Grace Church in Newark is an active and historic Episcopal Church in the Diocese of Newark. It is located on Newark, New Jersey's Broad Street where it has stood since 1837. Grace, a traditional church that worships in the Catholic tradition, is home to a very lively and friendly congregation engaged in urban ministry, fellowship and art. Grace is especially notable for its architecture, music, and as the birthplace of the tune "America the Beautiful." It is also thought to be the first parish in the Catholic tradition to offer a high mass to celebrate Martin Luther King as a saint.
History
Grace Church was founded on Ascension Day in 1837 at the behest of Bishop George Washington Doane. As part of what is today called the Oxford Movement, Grace's founders emphasized the sacramental worship and succession of bishops of the Episcopal Church as their direct link to Christ, the Apostolic community and its Eucharistic worship –a sister to the Roman Catholic Church. A daughter parish of Trinity Church, Bishop Doane explicitly founded the church in the growing city to be the standard bearer for Anglo-Catholicism in the diocese.

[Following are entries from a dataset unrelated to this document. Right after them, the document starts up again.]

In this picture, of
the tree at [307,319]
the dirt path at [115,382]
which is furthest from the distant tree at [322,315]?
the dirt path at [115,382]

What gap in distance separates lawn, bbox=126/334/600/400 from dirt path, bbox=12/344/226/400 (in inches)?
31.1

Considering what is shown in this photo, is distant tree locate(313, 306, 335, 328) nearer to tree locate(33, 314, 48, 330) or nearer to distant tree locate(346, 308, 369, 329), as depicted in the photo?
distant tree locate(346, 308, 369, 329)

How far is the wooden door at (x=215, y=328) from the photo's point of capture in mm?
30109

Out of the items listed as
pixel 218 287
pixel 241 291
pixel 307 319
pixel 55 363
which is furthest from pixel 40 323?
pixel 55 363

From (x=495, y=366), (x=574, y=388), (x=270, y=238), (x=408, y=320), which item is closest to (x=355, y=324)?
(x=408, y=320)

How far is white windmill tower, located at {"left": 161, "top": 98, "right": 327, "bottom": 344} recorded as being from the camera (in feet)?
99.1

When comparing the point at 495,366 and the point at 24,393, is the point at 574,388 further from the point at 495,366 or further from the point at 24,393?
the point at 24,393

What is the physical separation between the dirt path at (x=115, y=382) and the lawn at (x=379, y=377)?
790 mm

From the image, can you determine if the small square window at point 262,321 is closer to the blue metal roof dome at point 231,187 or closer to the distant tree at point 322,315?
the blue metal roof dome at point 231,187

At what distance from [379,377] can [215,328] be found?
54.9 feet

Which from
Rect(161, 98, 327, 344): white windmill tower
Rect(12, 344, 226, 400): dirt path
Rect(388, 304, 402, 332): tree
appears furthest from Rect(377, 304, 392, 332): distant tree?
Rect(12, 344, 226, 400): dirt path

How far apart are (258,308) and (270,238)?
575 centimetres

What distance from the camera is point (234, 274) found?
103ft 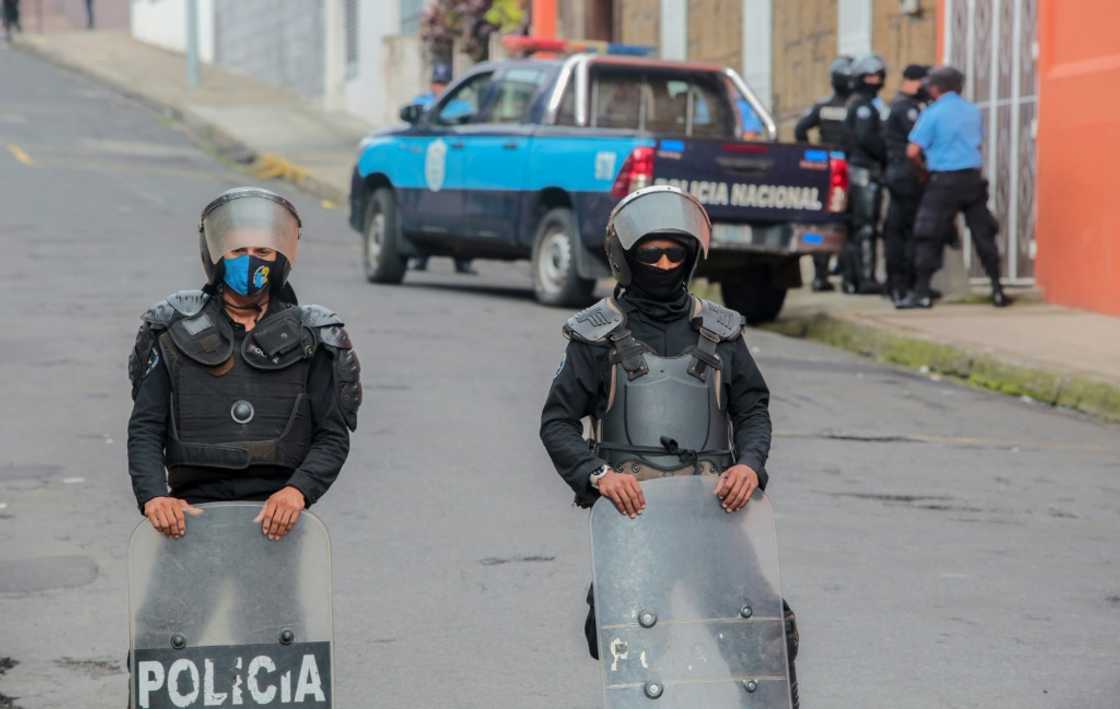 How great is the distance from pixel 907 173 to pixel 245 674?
1229cm

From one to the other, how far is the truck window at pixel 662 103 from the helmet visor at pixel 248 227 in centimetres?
1136

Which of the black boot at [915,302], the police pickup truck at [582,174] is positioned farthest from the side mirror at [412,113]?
the black boot at [915,302]

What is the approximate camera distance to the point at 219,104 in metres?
39.5

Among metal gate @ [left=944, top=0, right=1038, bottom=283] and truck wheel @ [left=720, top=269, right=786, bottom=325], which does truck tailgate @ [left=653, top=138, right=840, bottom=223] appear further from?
metal gate @ [left=944, top=0, right=1038, bottom=283]

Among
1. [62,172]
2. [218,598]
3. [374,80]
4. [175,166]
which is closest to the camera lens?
[218,598]

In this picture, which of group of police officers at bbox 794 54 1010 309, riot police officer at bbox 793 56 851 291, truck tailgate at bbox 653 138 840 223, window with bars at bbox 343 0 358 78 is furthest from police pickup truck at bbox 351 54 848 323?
window with bars at bbox 343 0 358 78

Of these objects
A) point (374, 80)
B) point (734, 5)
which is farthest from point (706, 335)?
point (374, 80)

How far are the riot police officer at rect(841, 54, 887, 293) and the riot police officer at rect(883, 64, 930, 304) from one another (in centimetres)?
17

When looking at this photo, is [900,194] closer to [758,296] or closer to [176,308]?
[758,296]

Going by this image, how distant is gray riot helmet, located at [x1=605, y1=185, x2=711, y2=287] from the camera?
15.6ft

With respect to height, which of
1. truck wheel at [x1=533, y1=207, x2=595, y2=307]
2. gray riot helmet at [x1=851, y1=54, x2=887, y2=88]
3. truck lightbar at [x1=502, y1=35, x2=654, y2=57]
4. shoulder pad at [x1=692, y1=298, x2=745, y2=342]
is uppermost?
truck lightbar at [x1=502, y1=35, x2=654, y2=57]

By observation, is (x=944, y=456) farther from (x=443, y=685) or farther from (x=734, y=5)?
(x=734, y=5)

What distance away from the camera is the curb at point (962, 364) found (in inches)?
483

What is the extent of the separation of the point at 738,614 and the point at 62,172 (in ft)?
78.3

To this day, Grace's remains dedicated to offering its timeless worship to the city and its people.The church building, designed by Richard Upjohn, who was also the architect of Trinity Church, New York, was consecrated on October 5, 1848. It is widely esteemed as an outstanding example of Gothic Revival architecture in the United States, and was designated a National Historic Landmark for its architecture in 1987. The church was built on the site of the old Essex County Courthouse and Jail which burnt down on August 15, 1835. The massive, single bell in the tower which is rung by hand every Sunday, was installed before the consecration in 1848. Paid for by an Episcopalian textile manufacture in Newark, the bell has been rung for many solemn occasions, including to support the Federal soldiers defending Fort Sumter in 1861. The tune for "America the Beautiful," called "Materna," was written here by the parish organist Samuel A. Ward in 1882.
Today
Grace remains widely known for its high church, sacramental liturgy, or order of service, at the center of which, in the tradition of the Church as handed down from the Apostles, is the Eucharist. The Eucharist, otherwise known as Holy Communion or the Mass, is Grace's form of weekly worship on Sundays. Grace teaches the Catholic faith, holding that Christians gain access to the Mystical Body of Christ through the sacramental worship of the community and are aided by the sequential liturgy, incense, and Eucharistic sacrifice to an experience of heaven. Incense, lights, and ceremonial vestments are used, which render the liturgy intelligible to all the senses, and the contemporary-language rite from the 1979 Book of Common Prayer is used. Much of the congregation actively participates in the service. The diverse congregation includes people from Africa and the Caribbean as well as Europeans, Caucasian Americans, and African Americans. Its members are young and old, married and single, gay and straight. The parish is committed to Catholic faith and practice in The Episcopal Church, but is receptive to new insights, including the ordination of women and affirmation of same-sex relationship. The Rev. Dr. J. Brent Bates became the parish's seventeenth rector in March 2011.
Music
Music plays an important role in worship, and Grace has always maintained a strong choral tradition in its adult and children's choir. Both choirs perform mass settings throughout the year, and weekly sing the Gregorian Chantmass propers from the early, medieval and renaissance tradition. Grace holds choir concerts and organ recitals on the 48-stop tracker instrument built by Casavant Frères in 1990. The Grace Church Music Society, organized in 2008, each year sponsors a series of recitals and concerts. Tyrone Whiting, an award-winning English organist and conductor and graduate of the Royal College of Music in London, England, is the current Director of Music. He was preceded by Jim Hopkins, Joe Arndt, and James McGregor, who held the position for forty-eight years.
Masses and Services
Masses are offered on Sundays at 8:00am and 10:30am with Sunday School, and on many weekdays at 12:10pm. Additional family and youth activities are held weekly and forms of worship like Stations of the Cross and Benediction of the Blessed Sacrament are held during Lent.